当時の観光蔵(日本の酒蔵のツーリズム)と世界のワインツーリズムの大きな違いは、具体的にどのようなところだったのでしょうか?

平出顧問

日本酒は、ワインと違い、とかく銘柄が一人歩きして、一緒に地域がついていかない。これは本当に大きな機会損失だなと思っていました。

新潟と言っても、ざっくり新潟で、「八海山」が新潟のどこにあるのかみんな知らないといような…。

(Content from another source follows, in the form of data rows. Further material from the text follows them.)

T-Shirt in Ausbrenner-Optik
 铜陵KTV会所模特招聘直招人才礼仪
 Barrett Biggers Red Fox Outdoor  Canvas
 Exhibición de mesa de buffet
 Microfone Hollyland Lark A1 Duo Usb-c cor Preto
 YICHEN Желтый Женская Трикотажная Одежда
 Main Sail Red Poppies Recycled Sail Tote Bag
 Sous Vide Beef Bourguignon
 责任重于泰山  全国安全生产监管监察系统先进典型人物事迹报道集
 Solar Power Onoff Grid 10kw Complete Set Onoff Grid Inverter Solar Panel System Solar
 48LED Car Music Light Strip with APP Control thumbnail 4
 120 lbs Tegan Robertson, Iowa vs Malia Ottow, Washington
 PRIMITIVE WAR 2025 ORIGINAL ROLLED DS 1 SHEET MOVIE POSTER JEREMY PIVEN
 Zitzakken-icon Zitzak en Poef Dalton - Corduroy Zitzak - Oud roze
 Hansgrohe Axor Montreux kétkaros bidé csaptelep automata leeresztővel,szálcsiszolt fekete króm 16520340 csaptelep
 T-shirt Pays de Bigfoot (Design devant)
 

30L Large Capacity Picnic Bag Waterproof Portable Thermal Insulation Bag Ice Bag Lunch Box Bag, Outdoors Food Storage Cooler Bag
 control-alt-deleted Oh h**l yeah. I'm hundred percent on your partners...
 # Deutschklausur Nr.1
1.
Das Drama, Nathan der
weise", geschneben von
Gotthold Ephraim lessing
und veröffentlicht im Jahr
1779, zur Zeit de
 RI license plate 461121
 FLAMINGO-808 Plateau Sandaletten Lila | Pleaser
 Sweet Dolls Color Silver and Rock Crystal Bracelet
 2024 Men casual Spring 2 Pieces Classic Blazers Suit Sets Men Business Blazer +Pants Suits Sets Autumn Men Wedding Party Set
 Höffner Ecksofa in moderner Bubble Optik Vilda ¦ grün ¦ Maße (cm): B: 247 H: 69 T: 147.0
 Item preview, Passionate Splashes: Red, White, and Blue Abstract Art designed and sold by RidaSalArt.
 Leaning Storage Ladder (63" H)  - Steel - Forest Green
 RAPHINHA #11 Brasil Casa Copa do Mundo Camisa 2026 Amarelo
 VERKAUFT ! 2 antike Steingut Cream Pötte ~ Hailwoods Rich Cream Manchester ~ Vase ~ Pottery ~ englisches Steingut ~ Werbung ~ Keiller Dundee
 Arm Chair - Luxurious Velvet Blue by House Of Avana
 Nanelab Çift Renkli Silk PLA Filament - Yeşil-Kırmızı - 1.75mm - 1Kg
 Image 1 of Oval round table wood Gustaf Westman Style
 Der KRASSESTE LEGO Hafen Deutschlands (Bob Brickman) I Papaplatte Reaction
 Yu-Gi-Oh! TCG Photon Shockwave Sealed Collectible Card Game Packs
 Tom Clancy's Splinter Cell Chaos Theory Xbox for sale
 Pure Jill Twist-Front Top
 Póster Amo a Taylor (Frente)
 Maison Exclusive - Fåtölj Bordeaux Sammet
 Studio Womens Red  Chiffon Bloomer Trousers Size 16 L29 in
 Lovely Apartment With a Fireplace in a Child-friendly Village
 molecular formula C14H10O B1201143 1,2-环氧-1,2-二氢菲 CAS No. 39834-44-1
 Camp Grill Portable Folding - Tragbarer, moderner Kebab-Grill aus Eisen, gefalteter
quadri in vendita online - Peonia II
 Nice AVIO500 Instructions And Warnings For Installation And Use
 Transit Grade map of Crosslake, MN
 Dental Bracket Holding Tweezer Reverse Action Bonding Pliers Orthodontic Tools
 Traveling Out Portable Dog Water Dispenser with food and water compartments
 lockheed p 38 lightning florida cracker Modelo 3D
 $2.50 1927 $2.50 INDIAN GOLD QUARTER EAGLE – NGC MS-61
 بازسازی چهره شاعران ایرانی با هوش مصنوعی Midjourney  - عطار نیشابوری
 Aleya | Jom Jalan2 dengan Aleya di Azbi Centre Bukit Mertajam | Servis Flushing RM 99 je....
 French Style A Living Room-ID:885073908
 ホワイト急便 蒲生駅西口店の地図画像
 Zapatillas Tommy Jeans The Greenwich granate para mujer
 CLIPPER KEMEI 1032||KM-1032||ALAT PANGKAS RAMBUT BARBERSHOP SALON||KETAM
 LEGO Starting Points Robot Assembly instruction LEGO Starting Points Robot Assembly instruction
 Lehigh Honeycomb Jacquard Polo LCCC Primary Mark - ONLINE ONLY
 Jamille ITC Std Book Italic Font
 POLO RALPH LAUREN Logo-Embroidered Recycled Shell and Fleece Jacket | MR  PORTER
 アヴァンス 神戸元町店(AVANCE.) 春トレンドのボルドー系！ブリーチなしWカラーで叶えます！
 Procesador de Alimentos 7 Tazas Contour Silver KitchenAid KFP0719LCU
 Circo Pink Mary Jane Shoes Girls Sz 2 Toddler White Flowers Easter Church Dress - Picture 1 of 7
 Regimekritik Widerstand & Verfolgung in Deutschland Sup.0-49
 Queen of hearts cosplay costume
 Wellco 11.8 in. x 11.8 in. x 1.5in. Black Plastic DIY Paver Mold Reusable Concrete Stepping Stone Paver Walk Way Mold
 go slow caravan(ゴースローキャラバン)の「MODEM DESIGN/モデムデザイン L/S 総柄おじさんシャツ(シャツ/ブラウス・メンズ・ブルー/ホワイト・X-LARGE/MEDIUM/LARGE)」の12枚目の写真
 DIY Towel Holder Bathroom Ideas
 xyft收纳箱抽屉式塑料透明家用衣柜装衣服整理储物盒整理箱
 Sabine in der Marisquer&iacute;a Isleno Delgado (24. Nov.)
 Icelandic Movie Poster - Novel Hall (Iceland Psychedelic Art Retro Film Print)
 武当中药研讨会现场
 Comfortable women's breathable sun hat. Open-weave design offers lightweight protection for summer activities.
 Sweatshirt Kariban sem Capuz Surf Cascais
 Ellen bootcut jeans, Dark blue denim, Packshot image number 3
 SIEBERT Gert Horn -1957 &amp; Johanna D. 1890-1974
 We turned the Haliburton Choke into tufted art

何世代にも渡り、同じ場所で酒造りをして、地域に尽くして家族でお酒を造っている。日本だと当たり前のことですが、世界的に見るとものすごいコンテンツです。「このすばらしい日本の文化・財産を世界に知らしめたい」とずっと思い続けています。

最終的には、最強コンテンツは、「地域のことを自分事として語れる人」=「蔵元自身」になるだろうなと20年前からイメージを持っているのですが、これがなかなか進まない(笑)。日本酒を今のままの環境にしておいたら、ものすごくもったいないです。

大木田

日本の酒蔵のツーリズムを世界に広めるために、他にどんなことが必要ですか?

平出顧問

酒蔵ツーリズムを普及させるには、酒蔵が直接PRするわけではなく、観光業界を巻き込み、旅行会社の営業マンが、蔵や日本酒の魅力を語ってくれるわけですが、蔵元の魅力を語ってくれる人のチームを広げていかなければならないと思っています。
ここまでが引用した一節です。